Where Were You In ’55?

Lincoln Elementary School

Lincoln Elementary School

A very interesting discussion took place in 2010 at an informal reunion of our high school classmates and friends we made during those formative years.

We met 55 years ago when we were 5.

It was 1955.

We lived in the same neighborhood in a small Iowa town.

Our formal education began at Lincoln Elementary School

My family moved to South 9th Street … two blocks from the school … the summer before I started Kindergarten.  I was 2 blocks from my school, 2 blocks from by church, 3 blocks from the big store, 2 blocks from the little store, 2 blocks from my cousins.

Dozens of us lived in an area that was about a half-mile square.

Almost everything important in our lives
was within walking distance.

School, Churches, Grocery Stores, Dime Stores, Cousins, and Friends … all close to us.

Our lives would have been quite different
if we had grown up under different circumstances.

Several of us who had moved away following high school graduation started to reminisce about our early years … and speculated about how different things might have been without that beginning.

People I know who grew up in the city of Chicago and in the boroughs of New York talk about neighborhood reunions, not class reunions. To them, your specific class was only part of your roots … it was the neighborhood that was important.

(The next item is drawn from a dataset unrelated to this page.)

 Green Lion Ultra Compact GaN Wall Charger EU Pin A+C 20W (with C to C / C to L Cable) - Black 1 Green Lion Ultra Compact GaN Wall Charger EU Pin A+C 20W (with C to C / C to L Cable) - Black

My hometown may have come to the same conclusion.

In September 2011 there will be a Clear Lake All Class Reunion. Most of the All Class Reunion events are this weekend, September 17. The venue is the Surf Ballroom … well known by Rock & Roll fans as the location of the last concert given by Buddy Holly. Our hometown has the ignominious distinction of being the place where “the music died.”

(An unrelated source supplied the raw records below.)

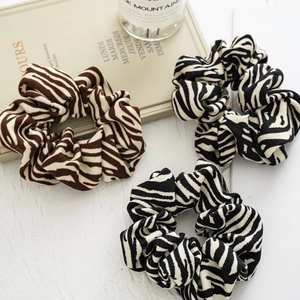 Fashion Zebra Stripe Fabric Scrunchie High Elastic Hair Tie For Women Stylish OL Commuter Animal Print Hair Accessory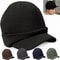 Thick Winter Knitted Hat for Men and Women, Unisex Warm Knitted Hats with Brim, Fashion Thicken Fur Lined Beanie Cap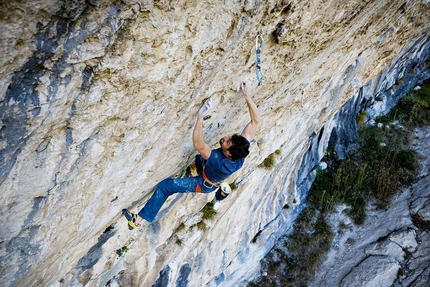 Silvio Reffo frees his Musa, a new 9a at Covolo, Italy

The “Surf” however is still a great venue for concerts and dances, and still has a full schedule of bookings of a wide range of performers.

I remember when it happened, but I was too young to know much about Buddy Holly … and certainly too young to be allowed to go to the dance.

I was looking forward to seeing my classmates again. It sounds like the attendance might be quite good.

Unfortunately, I made the long drive home a week early in order to be with my family. We gathered to for my uncle’s funeral services.

I plan to attend next year, and look forward to seeing a larger cross-section of the people who were part of my world during my formative years.